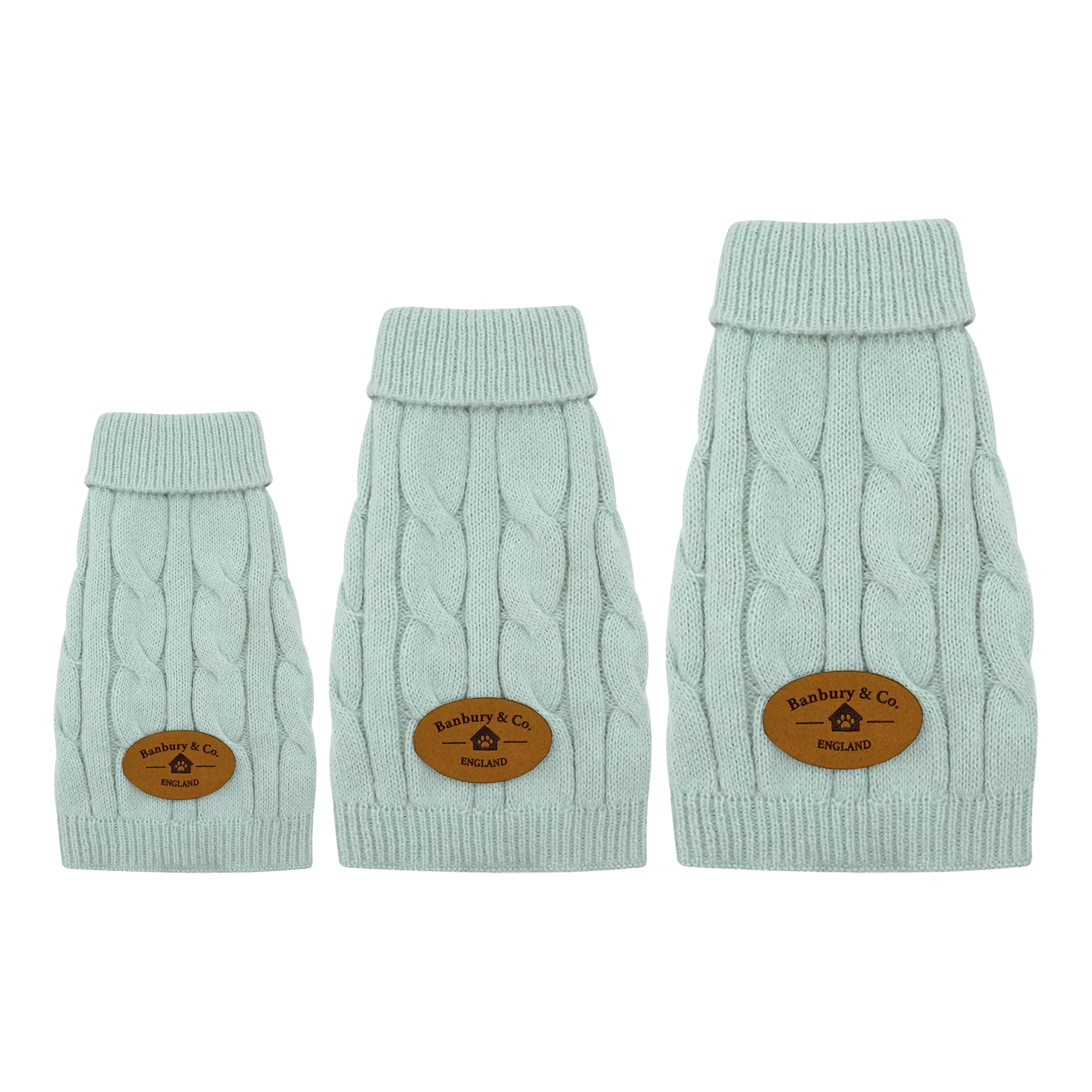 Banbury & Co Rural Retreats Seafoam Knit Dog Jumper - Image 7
--
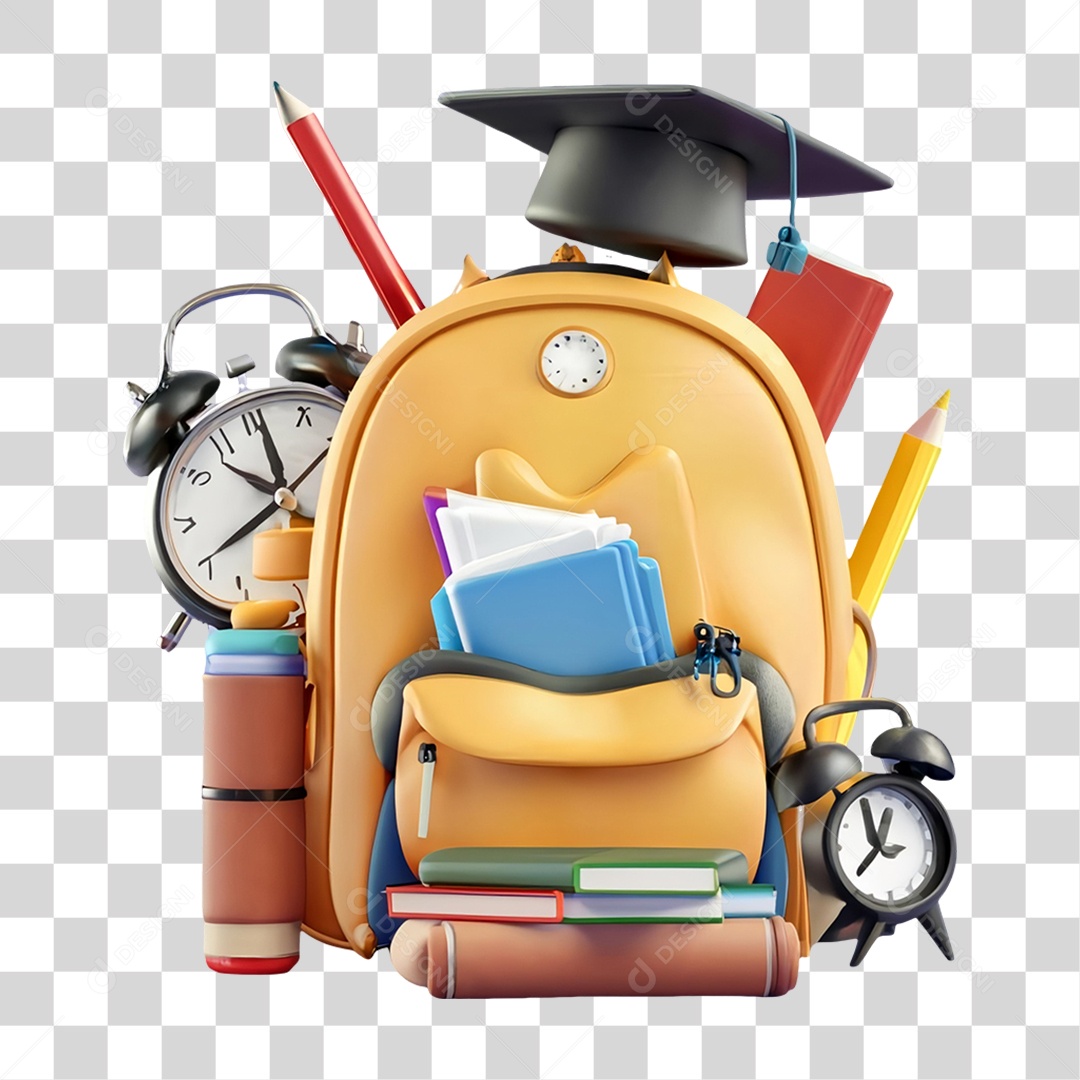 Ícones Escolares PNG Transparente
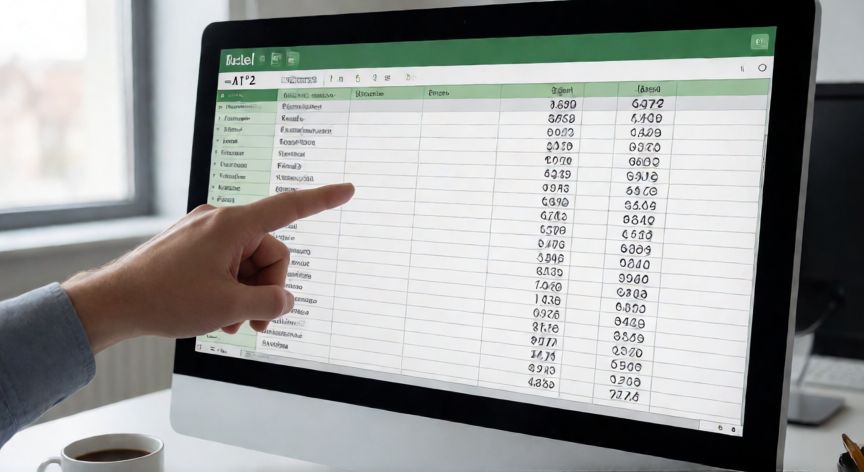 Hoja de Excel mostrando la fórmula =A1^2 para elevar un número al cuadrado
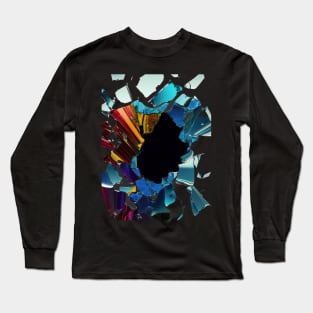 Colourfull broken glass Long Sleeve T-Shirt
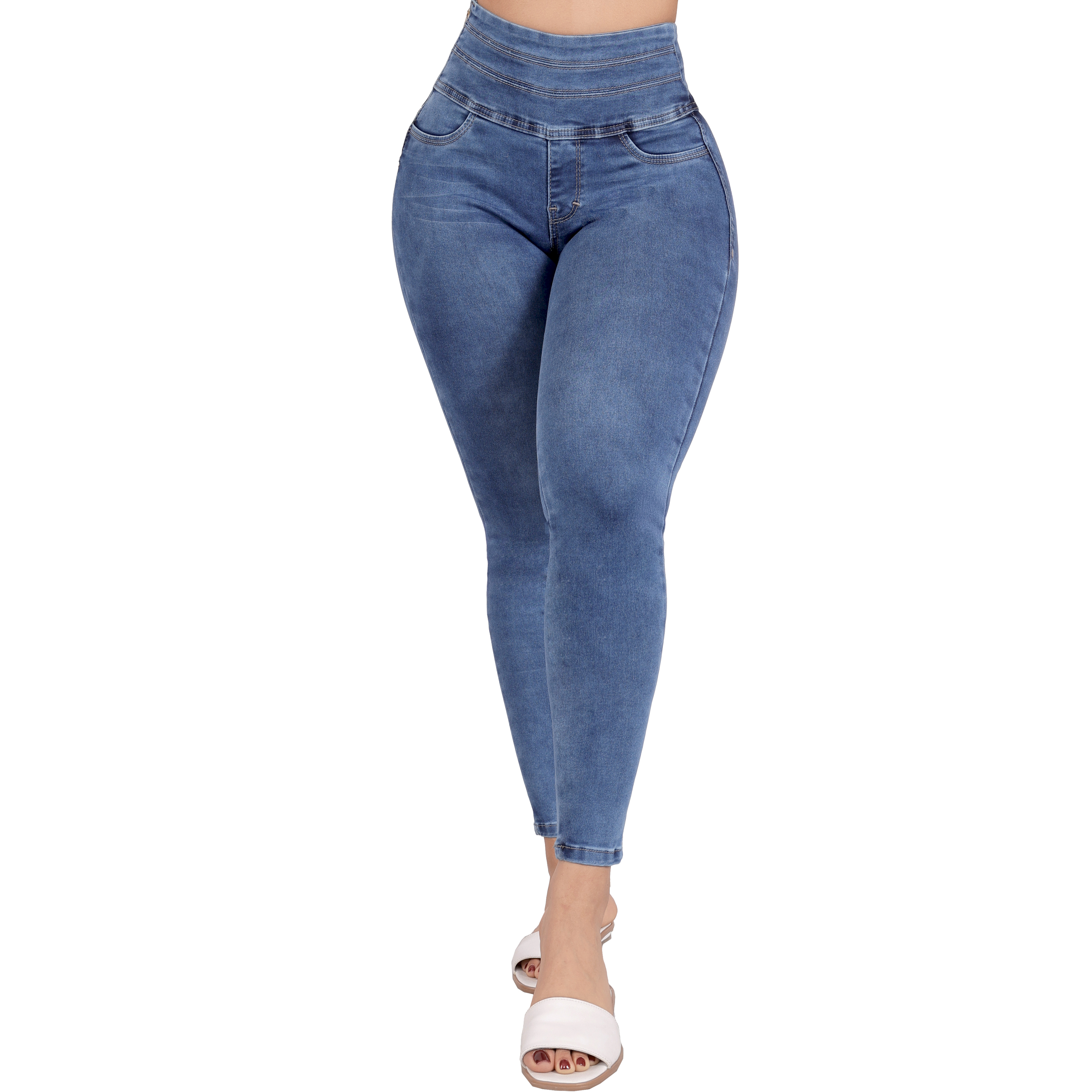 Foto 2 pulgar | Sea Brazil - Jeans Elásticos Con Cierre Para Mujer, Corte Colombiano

**Work order:** Pictures excluded, give again exactly and only the lines of the material above from the line with "Hoja de Excel" through the line with "Foto 2 pulgar".

**Response to the exercise:**
 Hoja de Excel mostrando la fórmula =A1^2 para elevar un número al cuadrado
 Colourfull broken glass Long Sleeve T-Shirt
 Foto 2 pulgar | Sea Brazil - Jeans Elásticos Con Cierre Para Mujer, Corte Colombiano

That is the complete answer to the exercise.